Bertrand Russell was a great thinker, a man who changed Western philosophy for ever.

He was a profound sceptic who refused to take anything for granted and protested all his life – against the senseless slaughter of the First World War, against the evils of all kinds of totalitarian dictatorship, and against nuclear weapons which he thought would eventually destroy us all.

Bertrand Russell & his wife Edith Russell lead anti-nuclear march in London. Image Courtesy Tony French

“Bertrand Russell” by James Francis Horrabin (1884-1962). Public Domain

Did you know?

  1. Bertrand Russell was born in 1872 into a famous and wealthy English aristocratic family.
  2. Russell impressed everyone with his mathematical mind. He was “Seventh Wrangler” in mathematics, and emerged with a “starred first” which enabled him to become a Fellow of Trinity College on graduating.
  3. He met the writer D.H. Lawrence (1885–1930). Lawrence was a passionate, intense and intolerant visionary who made a dramatic impression on Russell.
  4. Russell was also a great reader of scientific books and articles. He was fascinated by the new nuclear physics and rather delighted by the fact that a great deal of modern science, like his own philosophy, turned out to be utterly counter-intuitive.
  5. In 1923, he wrote A Free Man’s Worship – a kind of gospel to agnosticism. It’s a deeply felt, almost poetic work, which initially laments the fact that the universe, and so human life , are both ultimately doomed.

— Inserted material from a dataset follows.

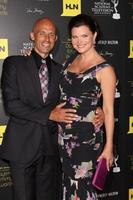 los angeles, 23 juin - james achor, heather tom arrive aux daytime emmy awards 2012 au beverly hilton hotel le 23 juin 2012 à beverly hills, ca photo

If human beings need something to worship, he thinks, then they should celebrate goodness not power.
  6. Russell had not lost his faith in Christianity but had long stopped believing in God.
  7. He wrote several books in which he expressed strong anti-religious sentiments (Why I Am Not a Christian and Mysticism and Logic)
  8. The story of Russell’s later years has little to do with philosophy . His journalistic output was prodigious and by now he was a popular broadcaster on the BBC. Whilst in America, Russell hadn’t opposed the Second World War.
  9. In 1950, Russell was awarded the Nobel Prize – not for his early mathematical philosophy but for literature – “in recognition for his varied and significant writings in which he champions humanitarian ideals and freedom of thought”. In his acceptance speech, Russell warned his audience of the dangers of the primitive herd instinct in human beings.
  10. Warning humanity about the dangers of nuclear war occupied him for the rest of his life. Russell wrote to Einstein and other Nobel prize-winners to enlist their support. He became president of the famous “Pugwash” conferences which brought scientists together from both sides of the Cold War “Iron Curtain” to discuss the dangers of nuclear annihilation.

Quoting Bertrand Russell

By India Post, Government of India

There are two motives for reading a book; one, that you enjoy it; the other, that you can boast about it.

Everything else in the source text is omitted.